In various embodiments, entering the limited functional state of the mobile device involves inhibiting access to or deleting stored mobile application authentication credentials. Many mobile device applications offer the ability to “log in” to a remote service using a set of user credentials (for example a username, password, PIN, and the like). Further, for the convenience of the user, many mobile device applications typically offer the ability to “stay logged in” to the remote service, whereby the mobile device application stores the user credentials to a mobile device memory. Subsequent uses of the mobile application may then use the stored user credentials, whereby the user credentials do not need to be newly supplied by the user to use the remote service. In some embodiments, access to these cached or stored credentials may be inhibited, deleted, and the like. This leads to the application being “logged out”, and requires the user to newly provide user credentials during the next use of the application to “log back in.”

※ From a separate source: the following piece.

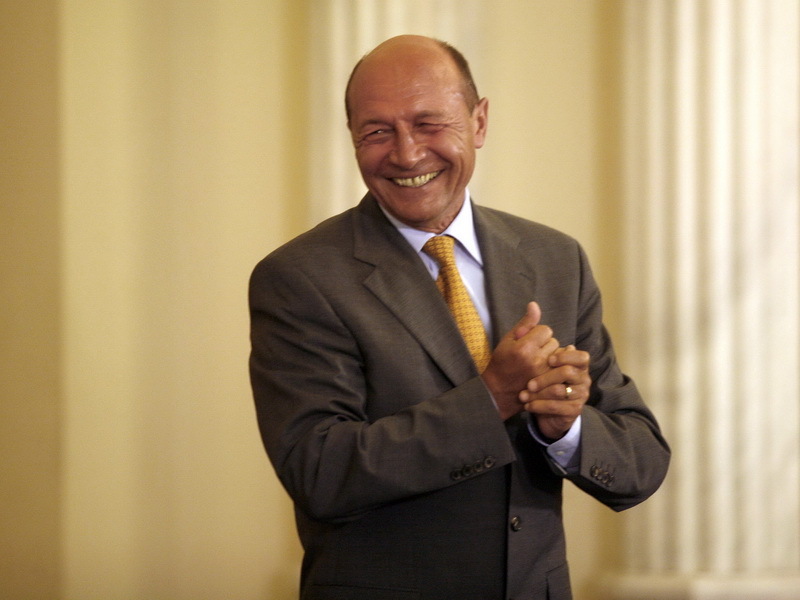 Băsescu: Se apropie vremea candidaturii unei femei la Preşedinţie. "Femeile sunt un câştig în politică"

In various embodiments, entering the limited functional state of the mobile device involves inhibiting access to or deleting stored data security keys. In some examples, various data on the mobile device may be secured by encryption, and the encryption security would require an encryption data security key in order to decrypt the data for subsequent utilization. Similar to the above, typical mobile device implementations will store, or “cache” the data security key for subsequent operations on an encrypted data. By inhibiting access to or deleting the stored/cached data security key, the encrypted data becomes inaccessible in various embodiments. Typically, the data remains inaccessible until access to a proper data security key is subsequently obtained.

In various embodiments, entering the limited functional state of the mobile device involves inhibiting the display of incoming message and data-related notifications. Typical mobile devices will display to the user a notification of an event, such as receiving an email, receiving an instant message, completion of a file download, availability of a new application, availability of new data, and the like. Inhibiting the notifications prevents the display of the event details.

In various embodiments, the embodied combination of operations performed during the entrance of a limited functional state of the mobile device can be explicitly programmed in the mobile device. In some embodiments, the combination of operations can be specified by configuration data. The configuration data can be created and/or maintained by the user, an administrator, a remote management service (e.g. MDM), and the like.

In one scenario, embodiments of the present invention are used by a mobile device to implement a “safe mode” limited functionality state, whereby the user of a mobile device can initiate the “safe mode” limited functional state before sharing their mobile device to a third party. For example, a third-party may request the use of the mobile device to place a phone call. The user of the mobile device may wish to fulfill that request, but may be concerned about whether the third-party will access personal/private data on the mobile device, such as photographs, email, and other private information. The user of the mobile device then configures a “safe mode” defined state (via an application or other user-interactive capability programmed on the mobile device) that inhibits access to all personal data (e.g. photographs, data files, email, calendar, etc.), inhibits access to stored application authentication credentials, inhibits execution of all applications, inhibits access to non-cellular communications networks, and the like, as desired. The user then initiates the entry into this configured limited functional state (via an application or other user-interactive capability programmed on the mobile device). In this limited functional state, the mobile device is effectively prevented from doing anything notable other than placing a phone call. The user has confidence that the third-party cannot access private data of the user; utilize logged-in applications (e.g. Facebook, Twitter, etc.), abuse communication networks use, etc. After the third-party is finished using the mobile device, it is returned to the user. The user then initiates (via an application or other user-interactive capability programmed on the mobile device) the exit of the limited functional state, e.g. return to full functional state. In various embodiments, to do so, the user may be prompted to enter in a PIN, password, and the like to confirm the identity of the user (e.g. it is not third-party attempting to exit the limited functional state). Upon successful authentication of the user, the mobile device returns to a full functional state and the user can continue to operate the mobile device as normal.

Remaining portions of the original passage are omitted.